But in interviews with Hart Energy, top-level executives also acknowledged much more work and time is required to assemble funds, with some saying raising funds takes twice as long as it has in previous years.

And private equity is nowhere near raising the funds the industry has said are needed.

“The market is not that efficient. There’s a lot of political things that get in the way,” said Tomas Ackerman, co-founder and partner of Carnelian Energy Capital in Houston. “Potential returns in the traditional energy asset class do not drive a lot of these investors. Divestment mandates are really influencing a lot of the decision making.”

Others cited declining returns, and investors fear of getting clobbered on the downside of another boom-bust cycle. Private equity executives said about a third of their peers are done with fossil fuels.

That’s resulted in fewer portfolio companies getting equity commitments. Private equity E&P commitments peaked at 128 in 2017. So far in 2023, just eight have been made, according to numbers provided to Hart Energy by data provider Enverus. Private equity and venture capital’s oil and gas investment peaked at $21.6 billion for the U.S. and Canada in 2017, and is down to just $1.4 billion so far this year, according to S&P Global Market Intelligence.

Some expectations for private equity’s haul in 2023 range $15 billion to $25 billion. Whether those funds come to fruition is another story.

EnCap Investments, which declined to comment for this article, is reported to be raising its first private equity fund in five years. Quantum Energy Partners is, likewise, reported to be nearly halfway toward raising a fund of more than $5.5 billion.

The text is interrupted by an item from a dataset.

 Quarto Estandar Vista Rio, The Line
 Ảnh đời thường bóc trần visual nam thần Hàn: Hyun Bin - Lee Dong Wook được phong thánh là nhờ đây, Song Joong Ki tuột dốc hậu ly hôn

In February, Chad Michael, president of Tudor, Pickering, Holt & Co., said private equity was likely raising $15 billion for oil and gas in 2023. In May, Muhammad F. Laghari, senior managing director at Guggenheim Securities LLC, mentioned at the SUPER DUG conference in May that whatever is raised—$15 billion or $25 billion—private equity is clearly busy trying to raise money.

“Pretty much any private equity energy client I have is either raising money or has just raised money,” he said. “So we do expect quite a few folks to raise money. I think what we’ve been hearing from them is positive comments from them are fundraising perspective. They all admit it’s not easy.”

In an interview, Wil VanLoh, founder and CEO of Quantum Energy Partners, said he’s seen some improvements raising money, but firms are certainly putting in more time and work than in years past. VanLoh said it once took four months to six months to raise a fund; now assembling a fund is taking 15 months to 18 months.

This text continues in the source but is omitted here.